Other than providing physical infrastructure, employers must also look at increasing childcare subsidies and expanding childcare coverage to all parents with children up to the age of 18. Last, but not least, they should support the women employees by providing an environment that fosters engagement and belonging. Such measures will also benefit the organization by differentiating it from the competition and improving employee retention.
Minding the financial literacy gap
Workplace gender inequalities extend to women’s ability to build or access financial resources. A factor in American women business owners’ low share in loan applications is inadequate financial literacy. The FINRA Foundation’s National Financial Capability Study found a lack of financial knowledge in Americans in general and among women in particular. Only 22% of women, versus 39% of men, answered three financial literacy questions correctly. While, Togolese women have been running businesses for decades, but are not as successful in expanding them in the long run. A big reason for this is that women score consistently lower than men when it comes to financial literacy indicators, such as the ability to use financial decision-making tools.

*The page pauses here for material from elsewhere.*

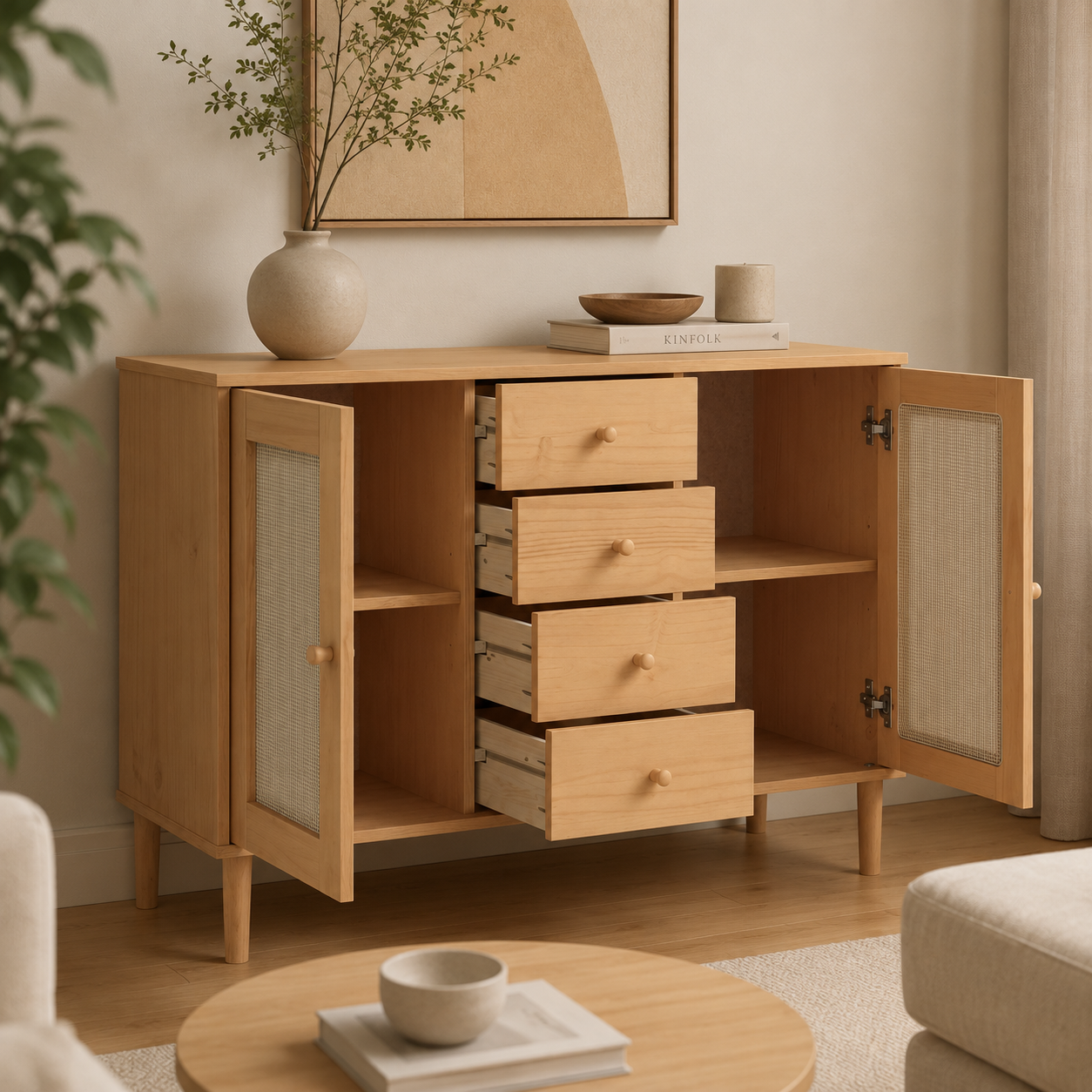 Japandi - Dressoir - Livia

There is a need for private sector participation in improving financial literacy among working women. Importantly, a financial literacy program must reflect the context of women in the workplace where it will run. HerMoneyTalks, a one-stop financial platform offering financial literacy, mentoring and advisory services exclusively for women, recognizes the need to build financial awareness, access and confidence among women and it guides them through financial transactions.
COVID-19 derailed the progress towards gender parity in the workplace. Consequences lie ahead unless this issue is addressed rapidly. Mentoring, care infrastructure and financial literacy can all make a positive impact.